Saved data entries
◆ ◆ ◆
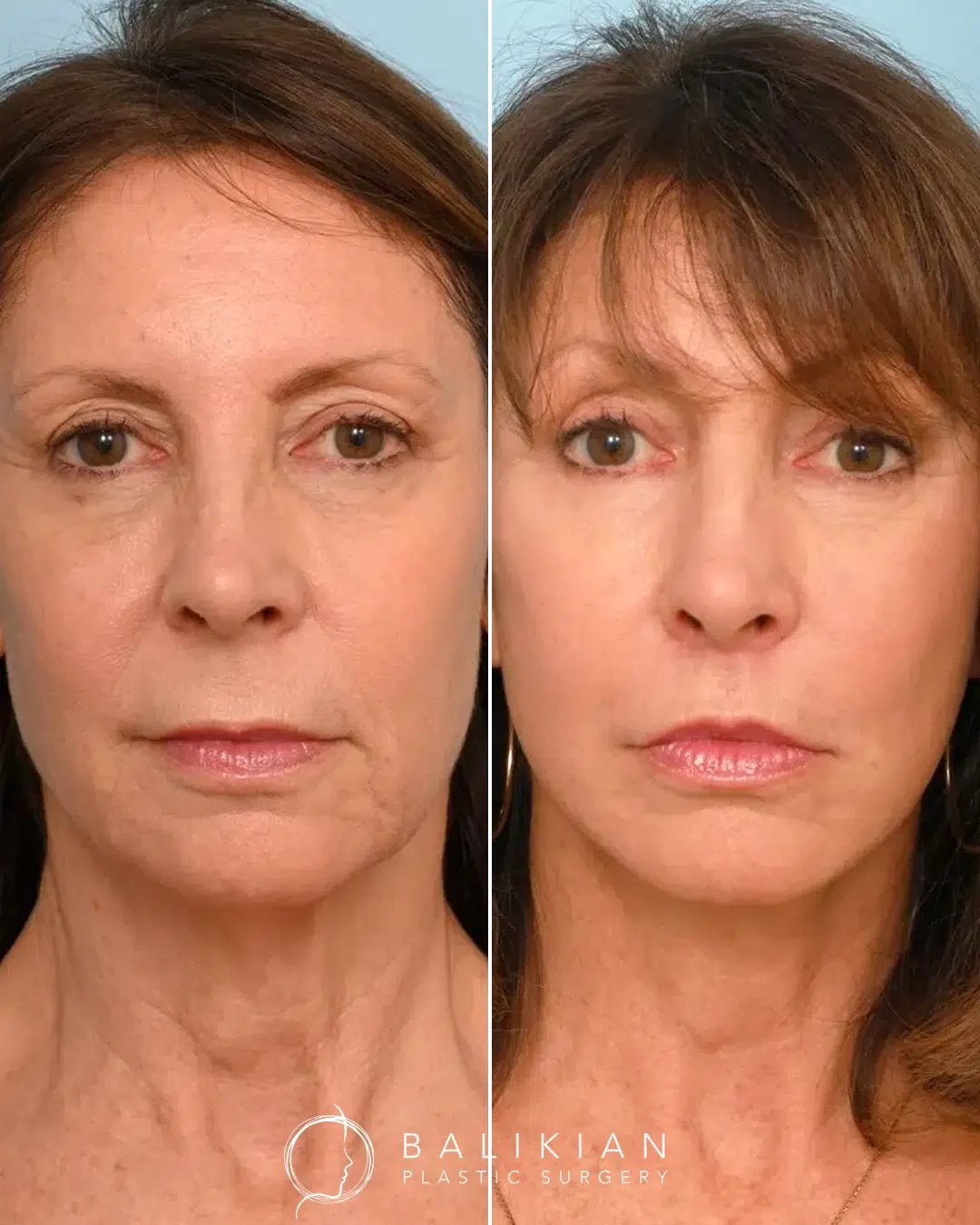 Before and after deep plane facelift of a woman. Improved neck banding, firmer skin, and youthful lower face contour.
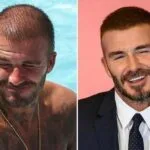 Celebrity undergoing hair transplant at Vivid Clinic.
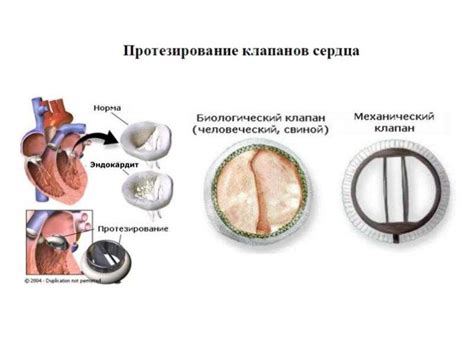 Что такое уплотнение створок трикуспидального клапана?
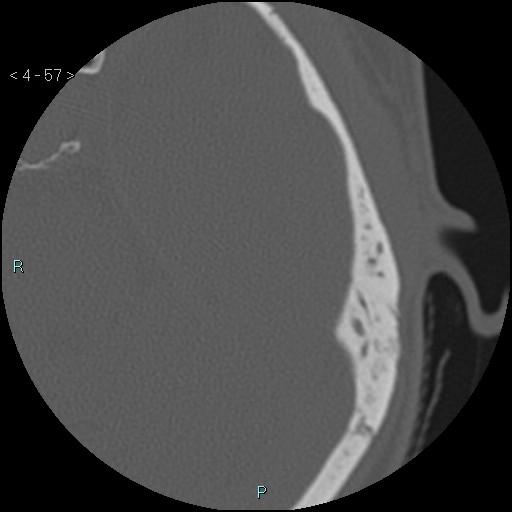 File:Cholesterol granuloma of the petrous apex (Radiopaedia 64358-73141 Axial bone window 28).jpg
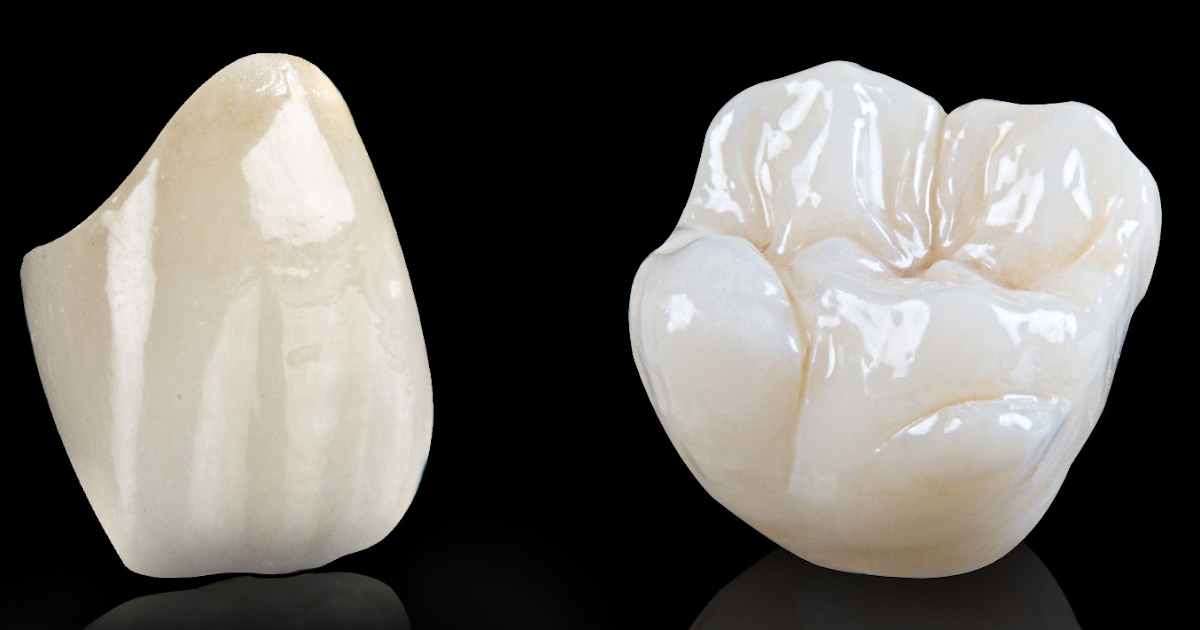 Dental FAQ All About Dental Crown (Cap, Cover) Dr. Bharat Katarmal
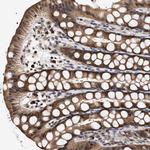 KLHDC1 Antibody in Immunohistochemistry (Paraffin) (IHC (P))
◆ ◆ ◆
» **Task brief**:
Your answer must consist solely of the lines from the one containing "Celebrity undergoing hair" through the last line of the records above, copied exactly, with every picture left out.

» **Expected answer**:
 Celebrity undergoing hair transplant at Vivid Clinic.
 Что такое уплотнение створок трикуспидального клапана?
 File:Cholesterol granuloma of the petrous apex (Radiopaedia 64358-73141 Axial bone window 28).jpg
 Dental FAQ All About Dental Crown (Cap, Cover) Dr. Bharat Katarmal
 KLHDC1 Antibody in Immunohistochemistry (Paraffin) (IHC (P))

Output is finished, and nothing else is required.